E estamos muito distante dos palestinos mortos nas ruas de Gaza em meio aos escombros de prédios e casas destruídos por bombardeios israeleneses. Longe dos tanques na fronteira da Rússia com a Ucrânia e do novo morador de uma antiga Casa Rosada, em Buenos Aires.

Javier Milei não passa do clone de um cachorro infame. Esta é a realidade. Como diz Julian Fuks, trata-se de um homem intratável e triste, que vive só, com seus quatro cães. Nunca cultivou amizades. Perdeu seu único amigo, Conan, um mastim inglês. Com sua morte, Conan foi clonado em quatro novos mastins. São cachorros grandes, fortes e agressivos. Um deles se soltou e atacou o outro. Ao tentar separá-los, o homem desgrenhado foi alvo dos cães, sofrendo uma mordida no braço esquerdo.

Esta semana marca dois meses de guerra. As tropas do exército israelita avançam pela Faixa de Gaza e centenas de milhares de habitantes vagueiam de um lugar para outro em busca de refúgio. Segundo as Nações Unidas, dezenas de milhares de palestinos de Gaza estão sendo empurrados para Rafah, a cidade mais a sul da Faixa e a porta de saída para o Egito. Uma situação descrita pela ONU como “apocalíptica”, algo que permite crimes de guerra.

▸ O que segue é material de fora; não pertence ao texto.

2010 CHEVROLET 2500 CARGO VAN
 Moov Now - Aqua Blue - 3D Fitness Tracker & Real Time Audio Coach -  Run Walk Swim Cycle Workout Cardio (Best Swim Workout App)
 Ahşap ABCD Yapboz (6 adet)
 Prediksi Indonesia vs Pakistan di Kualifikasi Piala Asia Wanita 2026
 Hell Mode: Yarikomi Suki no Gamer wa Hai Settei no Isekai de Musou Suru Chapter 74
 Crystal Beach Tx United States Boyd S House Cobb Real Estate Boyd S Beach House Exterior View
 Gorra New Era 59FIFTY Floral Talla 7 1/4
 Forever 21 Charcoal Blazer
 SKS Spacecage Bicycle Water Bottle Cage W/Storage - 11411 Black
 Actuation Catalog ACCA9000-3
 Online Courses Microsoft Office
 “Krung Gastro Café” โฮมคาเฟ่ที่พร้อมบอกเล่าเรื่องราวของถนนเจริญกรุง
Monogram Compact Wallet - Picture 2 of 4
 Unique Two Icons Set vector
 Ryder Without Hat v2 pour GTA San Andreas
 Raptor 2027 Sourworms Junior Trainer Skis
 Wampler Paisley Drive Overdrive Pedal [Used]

Esta é a execrável e inaceitável realidade. Neste período desde 7 de Outubro, um dos exércitos com melhor tecnologia e poder bélico do mundo, que perdeu 83 dos seus homens, matou mais de 16.000 pessoas e destruiu grande parte das casas e infra-estruturas no território de Gaza. Seria isto um genocídio? Para Netanyahu, é apenas uma questão de tempo, até que concluam sua limpeza e destruam tudo,

Neste cenário torna-se relevante o brado urgente pela união dos artistas de todo o mundo. Trabalhem sem descanso, façam como fez Picasso com Guernica.